Coming hard on the heels of fellow FCWG member Prof Joseph Stiglitz's admission that "Independent Scots currency union plan 'may have been a mistake', you have to hope that even Yes supporters are starting to realise that Sturgeon's "Council of Economic Advisors" might not be the infallible seers that she would have us believe.
****
** UPDATE **
A slightly edited version of my brief letter was published in the FT on 01/09/2016.
As an aside: the original FT piece he refers to mentioned factors which had “reduced Scotland’s notional share of British oil revenue from £9.6bn in 2011-12 to £60m in 2015-16”

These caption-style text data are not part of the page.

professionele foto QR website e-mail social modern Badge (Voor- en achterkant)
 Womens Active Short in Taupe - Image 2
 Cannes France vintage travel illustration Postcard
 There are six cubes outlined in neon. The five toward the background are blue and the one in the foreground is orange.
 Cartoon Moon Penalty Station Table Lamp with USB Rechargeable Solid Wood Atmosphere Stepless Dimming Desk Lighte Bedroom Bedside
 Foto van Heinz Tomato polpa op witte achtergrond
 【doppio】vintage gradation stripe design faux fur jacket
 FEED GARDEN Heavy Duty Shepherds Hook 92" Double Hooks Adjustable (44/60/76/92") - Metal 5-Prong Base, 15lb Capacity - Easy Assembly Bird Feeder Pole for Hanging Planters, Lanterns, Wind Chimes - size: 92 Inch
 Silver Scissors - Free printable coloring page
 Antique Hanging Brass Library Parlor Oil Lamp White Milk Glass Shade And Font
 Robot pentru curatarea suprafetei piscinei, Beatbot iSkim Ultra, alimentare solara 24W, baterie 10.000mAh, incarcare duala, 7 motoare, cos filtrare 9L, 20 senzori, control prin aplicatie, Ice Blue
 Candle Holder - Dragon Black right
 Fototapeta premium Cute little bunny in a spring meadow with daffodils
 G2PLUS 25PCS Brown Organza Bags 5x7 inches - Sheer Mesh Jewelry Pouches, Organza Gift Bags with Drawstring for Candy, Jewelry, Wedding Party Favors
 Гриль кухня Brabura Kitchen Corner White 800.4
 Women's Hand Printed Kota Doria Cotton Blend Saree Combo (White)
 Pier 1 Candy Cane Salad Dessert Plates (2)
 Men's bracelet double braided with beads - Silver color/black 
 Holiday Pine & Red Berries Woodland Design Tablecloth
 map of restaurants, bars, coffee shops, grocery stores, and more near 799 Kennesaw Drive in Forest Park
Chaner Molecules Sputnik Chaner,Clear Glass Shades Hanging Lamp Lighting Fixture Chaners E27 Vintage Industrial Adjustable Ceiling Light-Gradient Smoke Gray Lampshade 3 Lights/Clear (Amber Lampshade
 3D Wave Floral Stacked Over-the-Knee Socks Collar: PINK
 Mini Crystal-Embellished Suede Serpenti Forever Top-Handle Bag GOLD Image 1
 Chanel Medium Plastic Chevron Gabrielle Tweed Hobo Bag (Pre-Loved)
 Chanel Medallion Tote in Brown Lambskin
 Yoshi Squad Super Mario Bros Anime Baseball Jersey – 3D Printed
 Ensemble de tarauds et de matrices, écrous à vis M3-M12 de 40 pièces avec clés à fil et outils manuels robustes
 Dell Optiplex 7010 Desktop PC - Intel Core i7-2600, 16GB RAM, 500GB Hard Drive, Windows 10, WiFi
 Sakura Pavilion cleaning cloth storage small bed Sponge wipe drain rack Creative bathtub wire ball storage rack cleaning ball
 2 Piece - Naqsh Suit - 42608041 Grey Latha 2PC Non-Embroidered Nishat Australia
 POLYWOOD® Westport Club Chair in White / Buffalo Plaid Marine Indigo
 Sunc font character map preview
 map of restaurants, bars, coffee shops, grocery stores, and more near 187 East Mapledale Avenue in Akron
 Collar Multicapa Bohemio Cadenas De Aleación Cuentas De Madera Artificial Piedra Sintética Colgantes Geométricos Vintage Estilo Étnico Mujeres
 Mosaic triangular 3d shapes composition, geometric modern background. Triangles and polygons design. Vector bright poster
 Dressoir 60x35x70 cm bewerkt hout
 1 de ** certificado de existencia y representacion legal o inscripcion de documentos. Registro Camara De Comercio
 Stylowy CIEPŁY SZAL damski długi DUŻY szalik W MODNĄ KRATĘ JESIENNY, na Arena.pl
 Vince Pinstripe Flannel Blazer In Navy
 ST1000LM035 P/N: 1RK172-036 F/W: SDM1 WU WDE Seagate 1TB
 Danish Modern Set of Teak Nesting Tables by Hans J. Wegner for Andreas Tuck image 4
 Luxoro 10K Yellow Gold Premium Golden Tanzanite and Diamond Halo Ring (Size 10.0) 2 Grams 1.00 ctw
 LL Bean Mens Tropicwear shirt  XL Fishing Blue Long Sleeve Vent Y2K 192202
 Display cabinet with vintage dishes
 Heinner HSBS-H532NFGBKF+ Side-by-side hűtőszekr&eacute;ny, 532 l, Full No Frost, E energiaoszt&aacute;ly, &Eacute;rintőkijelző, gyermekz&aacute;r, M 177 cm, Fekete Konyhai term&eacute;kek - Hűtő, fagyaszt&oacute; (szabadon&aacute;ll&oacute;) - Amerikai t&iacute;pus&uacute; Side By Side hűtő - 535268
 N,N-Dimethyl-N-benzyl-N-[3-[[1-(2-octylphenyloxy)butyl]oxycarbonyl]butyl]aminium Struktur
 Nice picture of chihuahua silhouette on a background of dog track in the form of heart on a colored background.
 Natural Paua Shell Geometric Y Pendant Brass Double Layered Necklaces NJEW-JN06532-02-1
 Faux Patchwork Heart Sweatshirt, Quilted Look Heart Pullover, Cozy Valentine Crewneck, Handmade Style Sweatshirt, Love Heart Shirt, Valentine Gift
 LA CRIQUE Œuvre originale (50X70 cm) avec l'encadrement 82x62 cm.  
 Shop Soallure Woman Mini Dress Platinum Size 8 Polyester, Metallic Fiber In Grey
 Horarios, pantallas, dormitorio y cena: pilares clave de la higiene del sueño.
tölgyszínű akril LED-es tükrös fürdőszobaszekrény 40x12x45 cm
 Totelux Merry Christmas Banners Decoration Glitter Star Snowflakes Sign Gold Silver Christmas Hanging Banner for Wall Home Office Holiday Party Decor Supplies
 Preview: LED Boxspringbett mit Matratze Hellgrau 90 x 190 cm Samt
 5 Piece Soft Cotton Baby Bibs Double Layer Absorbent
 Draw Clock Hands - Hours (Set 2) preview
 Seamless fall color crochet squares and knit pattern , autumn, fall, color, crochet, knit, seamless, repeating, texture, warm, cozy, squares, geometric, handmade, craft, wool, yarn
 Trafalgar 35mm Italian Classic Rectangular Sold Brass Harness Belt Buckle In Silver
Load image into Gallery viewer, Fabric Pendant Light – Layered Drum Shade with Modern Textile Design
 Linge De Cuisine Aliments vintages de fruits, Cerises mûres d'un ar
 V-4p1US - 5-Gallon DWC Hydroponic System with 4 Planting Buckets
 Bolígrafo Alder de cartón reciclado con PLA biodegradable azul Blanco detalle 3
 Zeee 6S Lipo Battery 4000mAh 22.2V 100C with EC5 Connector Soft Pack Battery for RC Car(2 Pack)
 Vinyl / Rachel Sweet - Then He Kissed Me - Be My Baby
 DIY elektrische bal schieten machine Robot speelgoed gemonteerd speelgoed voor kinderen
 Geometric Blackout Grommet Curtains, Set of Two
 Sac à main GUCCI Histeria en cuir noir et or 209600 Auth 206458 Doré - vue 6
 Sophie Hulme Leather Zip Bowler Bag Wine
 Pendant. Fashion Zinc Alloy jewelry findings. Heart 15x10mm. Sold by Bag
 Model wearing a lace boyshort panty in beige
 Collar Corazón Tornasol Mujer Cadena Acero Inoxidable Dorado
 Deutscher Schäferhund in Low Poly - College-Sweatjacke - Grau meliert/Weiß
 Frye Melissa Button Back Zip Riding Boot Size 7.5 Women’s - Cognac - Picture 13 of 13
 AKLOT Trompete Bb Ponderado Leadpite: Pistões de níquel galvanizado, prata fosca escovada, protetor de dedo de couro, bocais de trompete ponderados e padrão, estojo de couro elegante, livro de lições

A passing familiarity with these numbers would make it clear that these figures are government tax revenues, but one possible explanation for the Prof's confusion is he thought the decline reported related to value of output or GDP contribution.
A quick glance at GERS shows us that from 2013-14 to 2015-16, Scotland's oil generated GDP declined from £18.2bn to £9.7bn, a drop of 47%. This squares well with the prof's "price down 54% offset by modest production increases" logic - so no mystery there.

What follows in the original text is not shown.